Because every kind of cross-species comparison involves a group of species with a phylogenetic structure, “controlling for phylogeny” has become very common in these kinds of studies. Also, because we are usually missing traits for at least some species in our studies, people often use phylogeny as a guide for guessing what trait values are present in the animals that we haven’t measured.

Recipe for phylogeny

I love the large and flexible toolbox of Bayesian methods because it can be adapted to fit such a huge array of models – virtually all the models that ecologists want to fit! However, there’s a catch: to fit a model using Stan (or something similar) you have to know exactly what model you’re fitting.
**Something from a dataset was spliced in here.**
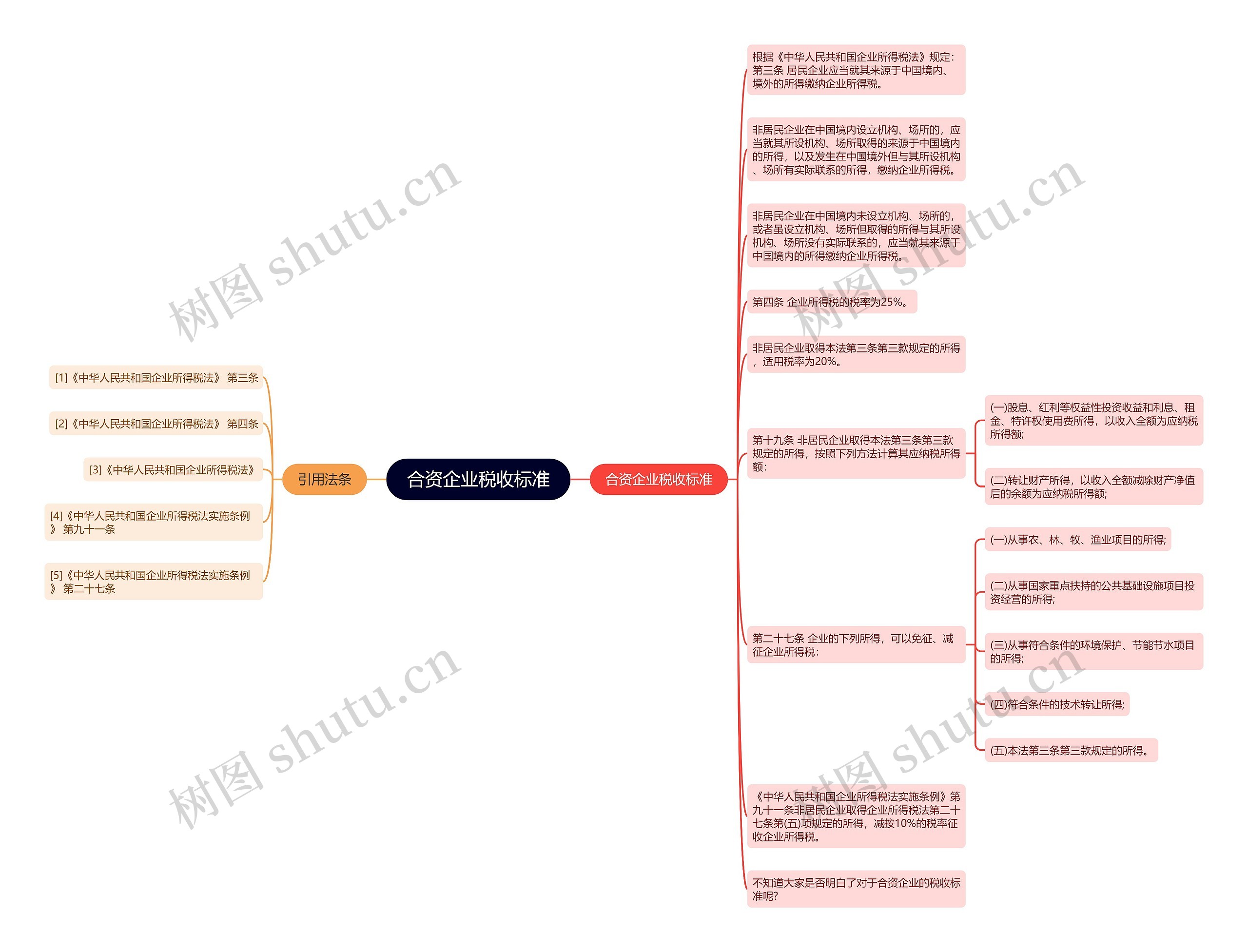 合资企业税收标准思维导图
However, because these regressions are usually fit using custom software, it can be a challenge to dig to find the exact equations being fit!

Using the two resources mentioned above, I was able to write down (I hope!) the equation for the model like this:

\[ \begin{align} y_i &= \bar{y} + \beta_1 x_i + a_{s[i]} \\ a_{s} &\sim \text{MVNormal}(0, \Sigma_a)\\ \Sigma_a &= \begin{bmatrix} \sigma_a^2 & \lambda_a \cdot \sigma_{12} & \cdots & \lambda_a \cdot \sigma_{1,s} \\ \lambda_a \cdot \sigma_{21} & \sigma_a^2 & \cdots & \lambda_a \cdot \sigma_{2,s} \\ \vdots & \vdots & \ddots & \vdots \\ \lambda_a \cdot \sigma_{s,1} & \lambda_a \cdot \sigma_{s,2} & \cdots & \sigma_a^2 \end{bmatrix} \\ x_i &= \bar{x} + b_{s[i]} \\ b_{s} &\sim \text{MVNormal}(0, \Sigma_b)\\ \Sigma_b &= \begin{bmatrix} \sigma_b^2 & \lambda_b \cdot \sigma_{12} & \cdots & \lambda_b \cdot \sigma_{1,s} \\ \lambda_b \cdot \sigma_{21} & \sigma_b^2 & \cdots & \lambda_b \cdot \sigma_{2,s} \\ \vdots & \vdots & \ddots & \vdots \\ \lambda_b \cdot \sigma_{s,1} & \lambda_b \cdot \sigma_{s,2} & \cdots & \sigma_b^2 \end{bmatrix} \end{align} \tag{1}\]

Note

You can see that there is no likelihood for the \(y_i\) and \(x_i\) values. That’s because I’m starting from a simple case where we know the true values for each species. The only thing to estimate is how variable these traits are among species, and how much of that variation correlates with phylogeny. Later I’ll show an example that is closer to real life.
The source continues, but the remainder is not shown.